Georgia’s Ministry of Internal Affairs (MIA) says that around 45,000 Georgians have traveled to the European Union (EU) since the activation of the visa-free regime on March 28.
45,000 Georgians traveled to EU in three months
By Tea Mariamidze
Thursday, July 20
The MIA reports that 146 citizens of Georgia were refused to enter the EU member states in the last three months.
At this stage the Ministry of Internal Affairs does not specify how many people returned to the country by protecting the 90-day stay rule and how many violated visa terms.
Deputy Interior Minister Shalva Khutsishvili says no major violations of visa-free regime have been recorded yet.
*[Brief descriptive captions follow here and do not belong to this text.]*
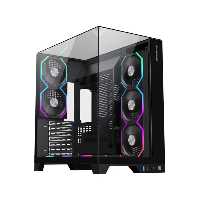 Infinity Pro BK | کیس گیمینگ جذاب با طراحی تمام‌شیشه‌ای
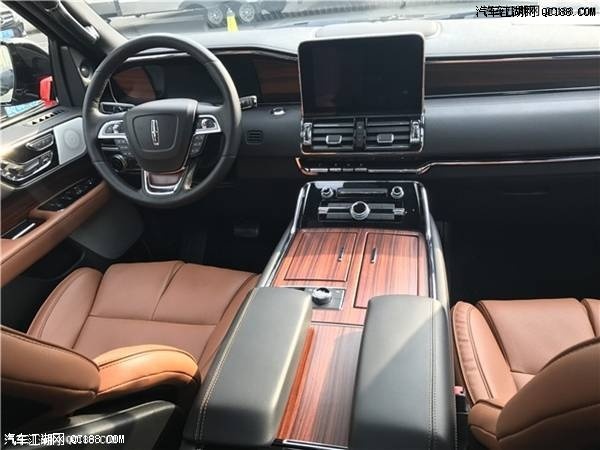 2018款加版林肯领航员豪华SUV评测体验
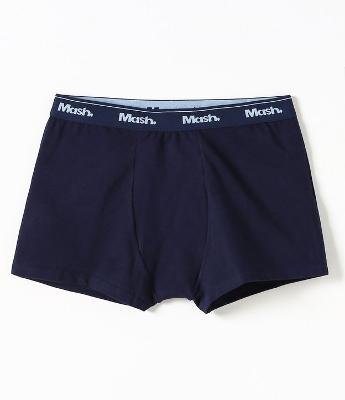 Cueca Boxer em Algodão com Cós Elástico Mash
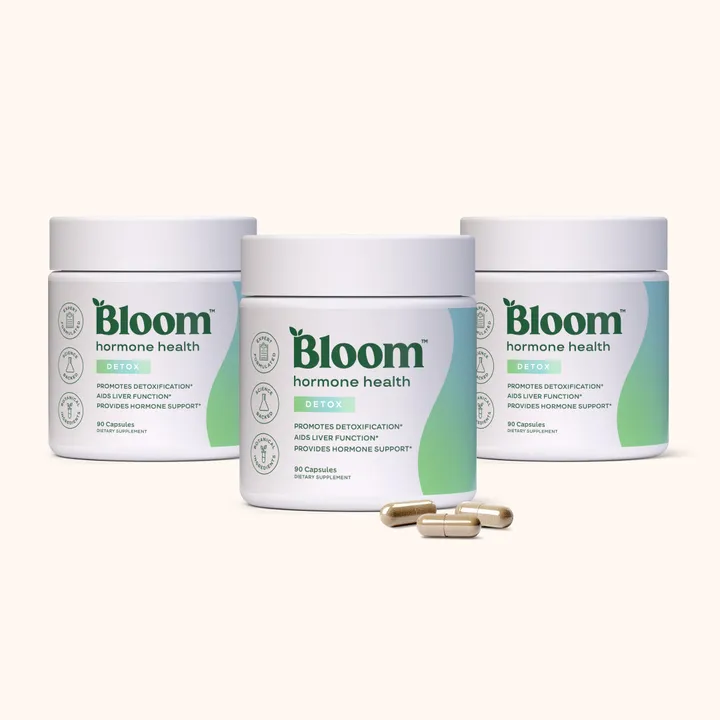 Bloom Nutrition Complete Detox Trio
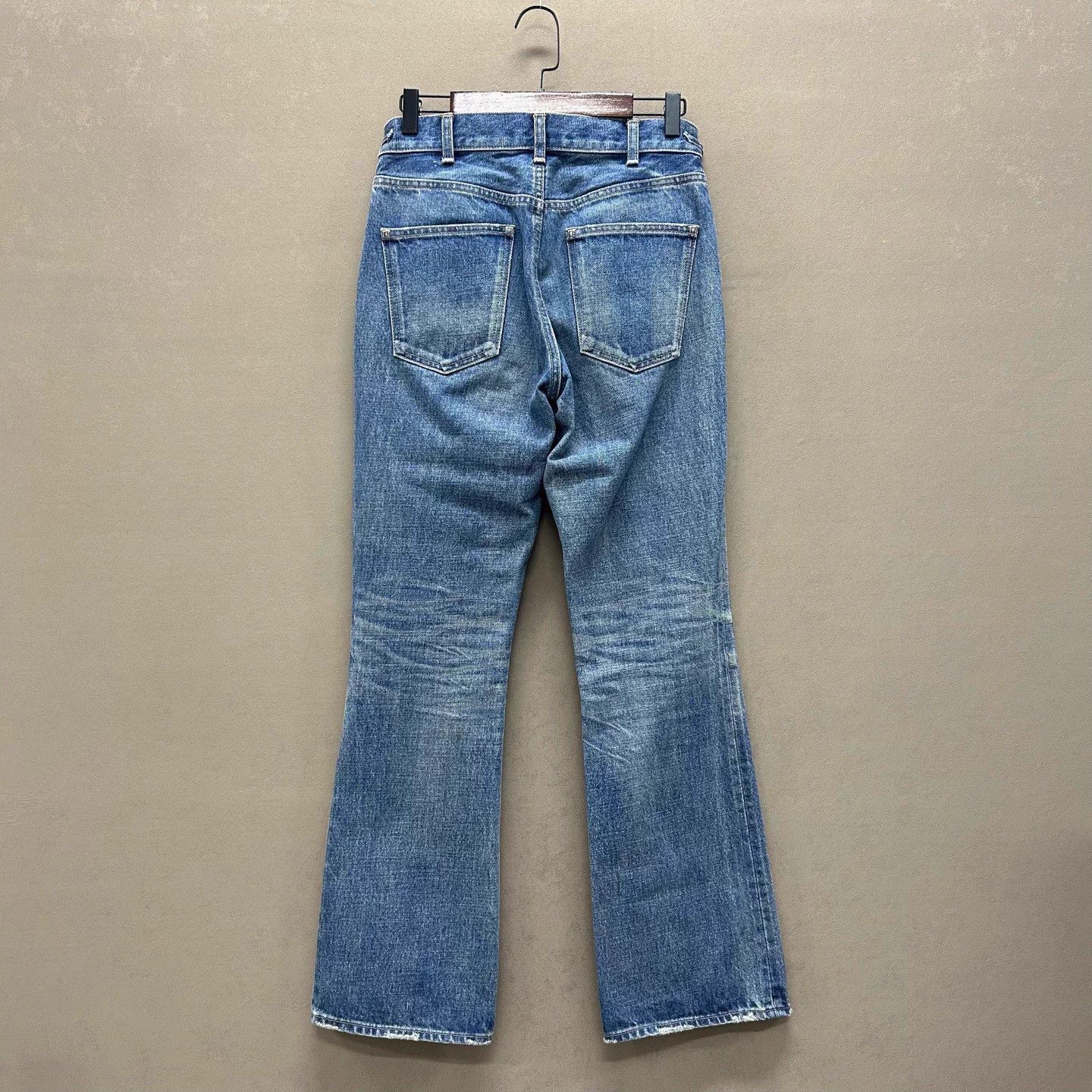 Celine Celine Triomphe Gold Button Jeans Women's 27 NWT Size 27" / US 4 / IT 40 - 2 Thumbnail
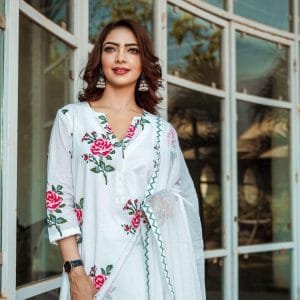 Stay Classy in White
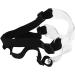Sorandy Sports Nose Protection Mask | Adjustable & Breathable Facial Guard for Injuries | Transparent Nose Protector for Basketball & Baseball - Buy Online on GoSupps.com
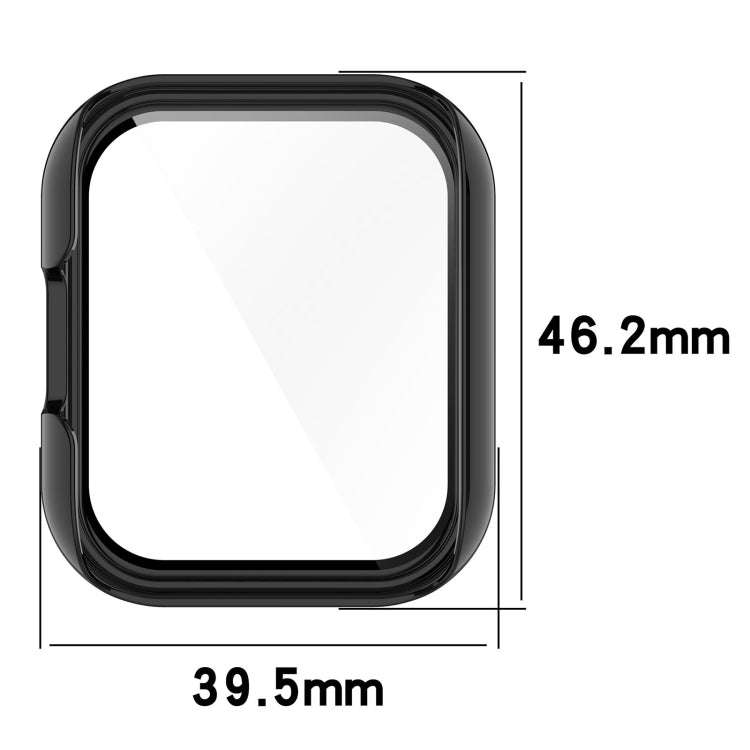 For Realme TechLife Watch S100 / SZ100 Universal PC+ Toughened Film Fully Enclosed Protective Wat...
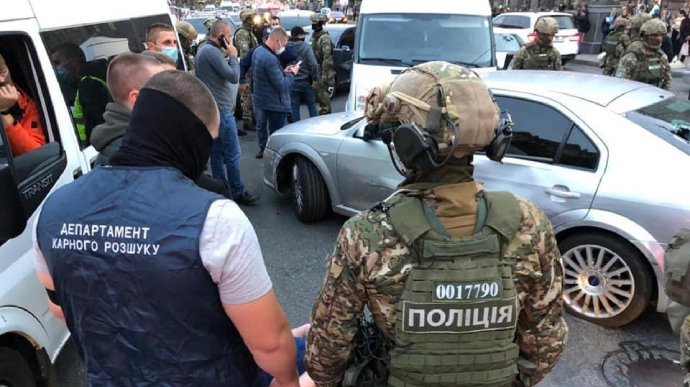 Затримання розбійників Затримання розбійників, Фото: Українська правда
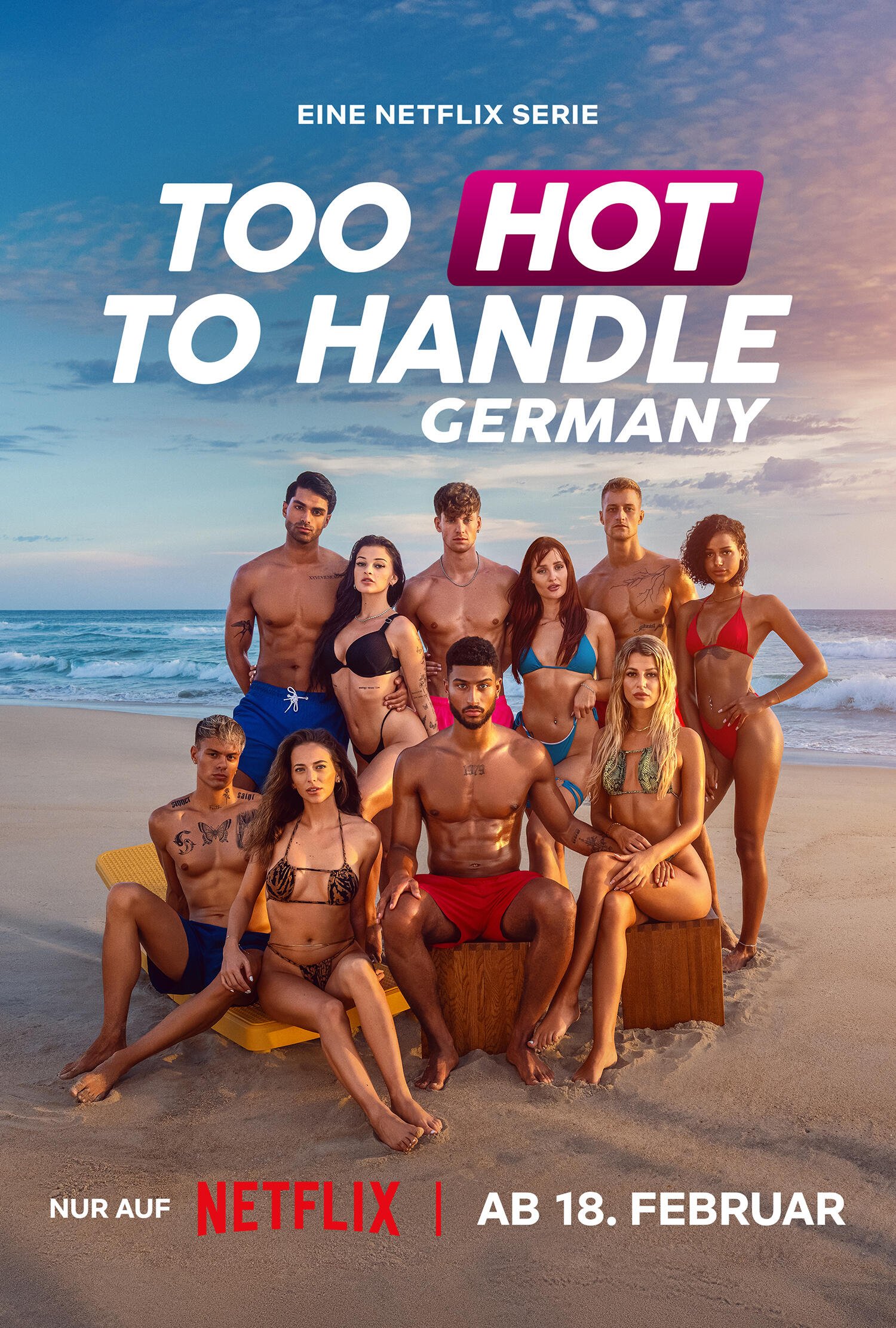 Too Hot to Handle: Germany key art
He added that the Georgian MIA has constant communication with their European partners and they jointly work on the elimination of organized crime, illegal migration or other risks.
“In addition, we have activated cooperation with the EU Border Protection Agency and at the end of this month we are planning additional negotiations in order to revise and improve the existing agreement with them,” Khutsishvili said.
Visa liberalization with the EU was activated on March 28, and it means that all Georgians holding biometric passports are able to enter the Schengen Area for 90 days within any 180-day period for vacation, business, or any other purpose except work.
Georgians will be able to travel without visas to the 22 EU member states of Belgium, Austria, Germany, Denmark, Spain, Estonia, Italy, Latvia, Lithuania, Luxembourg, Malta, The Netherlands, Poland, Portugal, Greece, France, Slovenia, Slovakia, Hungary, Finland, Sweden, and Czech Republic.
The new regime also refers to four non-member states of the EU in the form of Iceland, Lichtenstein, Norway and Switzerland, and four Schengen candidate countries: Bulgaria, Cyprus, Romania and Croatia. However, Ireland and the United Kingdom will still require visas.